Sarah Laprise s’applique tellement à faire la différence, qu’elle permet à 14 jeunes de secondaire I à IV d’aller au bout de leurs ambitions, d’accéder à la finale et de remporter grâce à une alliance avec deux équipes américaines, le concours FIRST Robotics aux États-Unis. Le robot des Robuck de Verdun est assez performant pour être remarqué par une équipe américaine qui termine la compétition au 4e rang. « Même si au final nous n’étions pas bien classés, les américains nous ont choisis pour conclure leur alliance parce que notre robot était très performant », explique-t-elle. Sur le thème À toute vapeur, le BB8 des Robuck doit simuler un dirigeable qui se prépare à l’envolée. Il envoie des balles dans un fausse chaudière, récupère des roues dentées dans la zone adverse, agrippe une corde et allume les lumières à la fin du match. Chaque mouvement réussi du robot des trois alliances rapporte des points à celle-ci. Finalement, l’impossible se produit: l’alliance formée des Robuck de Verdun ainsi que des deux équipes américaines de Brooklyn et de Latham décroche la bannière des champions tandis que le robot des jeunes de Verdun obtient le prix de la créativité.

Efforts et détermination

Sarah et son équipe (14 jeunes et 4 adultes dont des parents et un ingénieur à la retraite), ont fait la preuve que lorsqu’on y croit, qu’on met les efforts, tout est possible, bien que ce ne fut pas de tout repos. Pour réaliser cet exploit, Sarah s’est entourée de gens qui s’y connaissent en robotique mais elle a dû travailler fort pour financer le projet. « Ils veulent le refaire l’an prochain mais mon problème demeure le financement. Il a fallu ramasser 30 000 $ pour se rendre là. Ce n’est pas mon école qui peut payer ça. Même si nous avons gagné, cela n’assure par la pérennité du projet. Même chose pour le mentor, si je n’ai pas d’adultes, je n’y arriverai pas ».

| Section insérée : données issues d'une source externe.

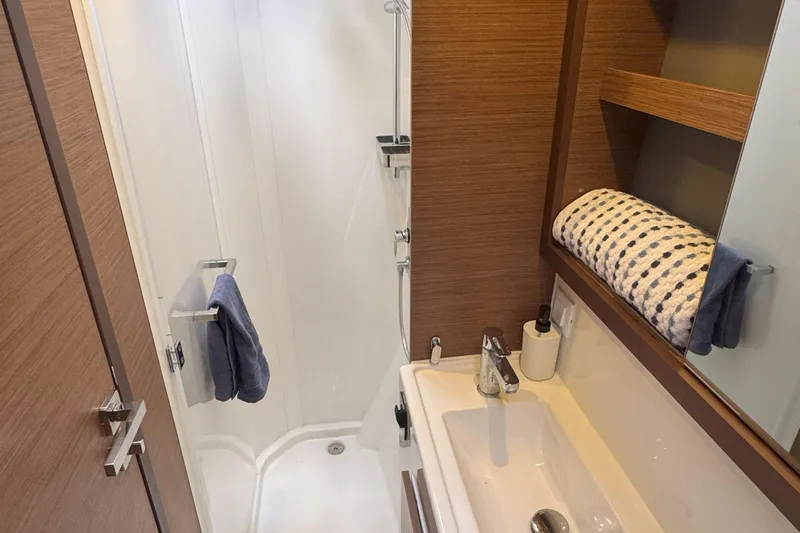 Keola Yacht Photos Pics Modern bathroom in 2022 Lagoon 40 yacht with shower, sink, and wooden accents.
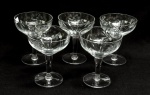DEMI CRISTAL, cinco (5) taças de pé alto para champanhe ou espumante, incolores e translúcidas, bojo lapidado em sulcos e estrelas, fuste cilíndrico, base em bolacha, medindo 12 cm altura, sinais de uso, vide foto.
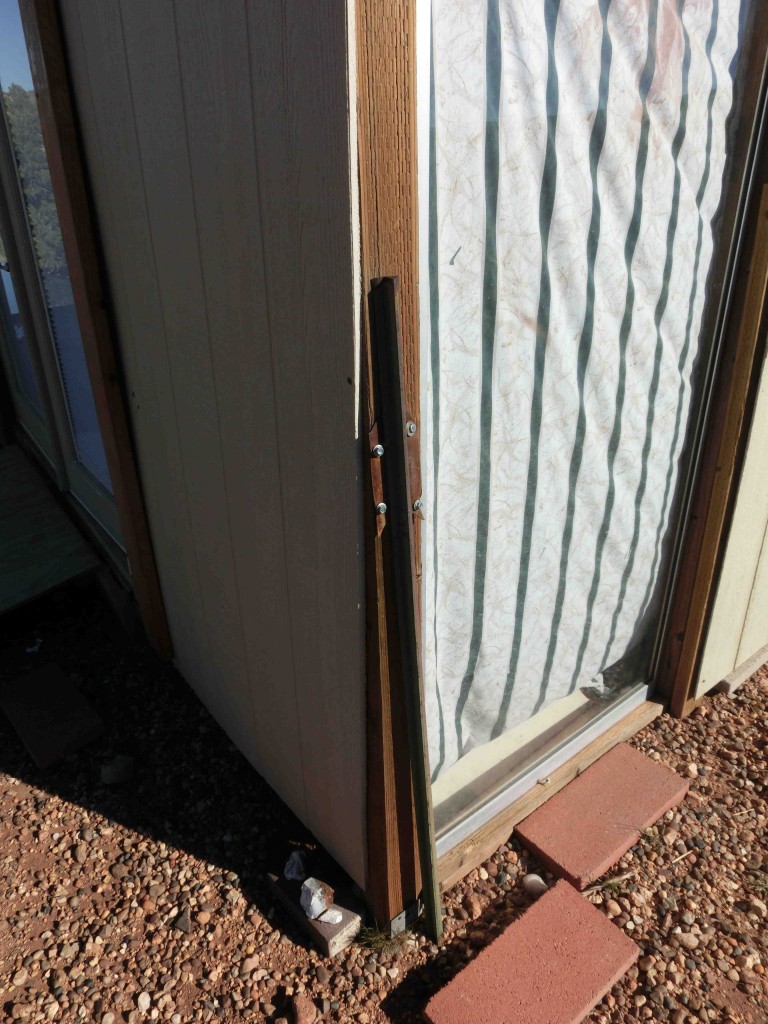 But credit where it's due - he did at least nod at the idea of fastening the cabin to the ground. Here and there are fence rails stuck in the ground upside-down and then screwed to the walls. I have no doubt that'll work.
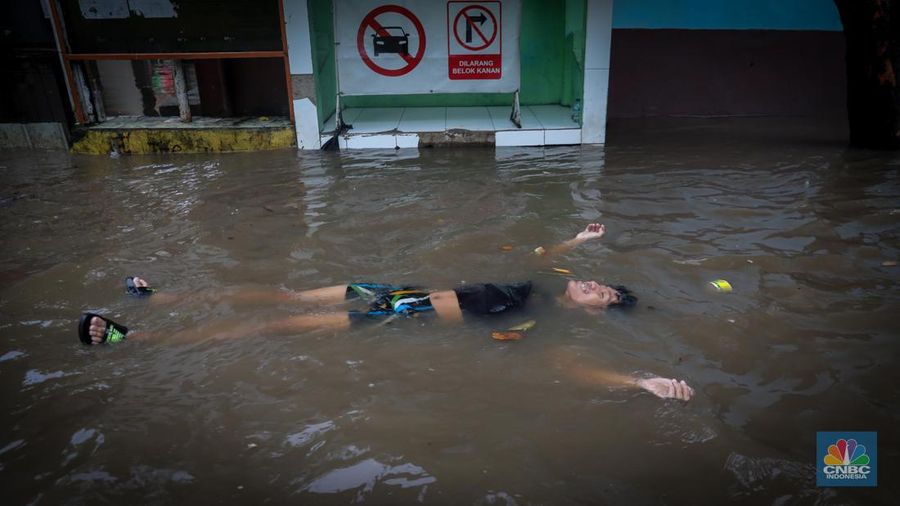 Warga melintas saat terjadi banjir pada pemukiman warga di kawasan Petogogan, Jakarta Selatan, Jumat (7/7/2023). (CNBC Indonesia/Faisal Rahman)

Il y a deux semaines, le ministre québécois de l’éducation Sébastien Proulx, a invité Sarah à prendre part à une conférence de presse afin d’annoncer les nouveaux objectifs pour la réussite éducative. « J’y étais invitée puisque moi, deux autres enseignants et quelques personnalités avions participé au tournage d’une vidéo dans laquelle nous témoignions sur notre parcours et notre vision de la réussite éducative ».

La différence

En fait, Sarah croit beaucoup à la diversité en enseignement pour atteindre la réussite. Après 17 ans de carrière, elle est convaincue que tous les enfants n’apprennent pas de la même façon, avec les mêmes recettes. L’exploit réalisé par les Robuck de Verdun en est un exemple flagrant. Motivés et poussés à travailler fort, à se surpasser alors que la plupart ne sont pas des premiers de classe, ils ont tout de même réussi à briller.

« Pour être un bon prof devant 30 ados, il faut que tu sois solide avec ton estime de soi. Moi je voulais faire la différence. Je veux leur montrer que malgré tout, avec des efforts, on peut réussir et que rien ne peut les arrêter s’ils croient en eux. Que moi aussi je me suis déjà fait dire que je ne finirais pas mon secondaire. Mais que j’ai eu des profs extraordinaires: Julia Lavoie en français, Jean-François Bouchard et Renée Longue-Épée. Ces profs-là ont fait une différence pour moi ».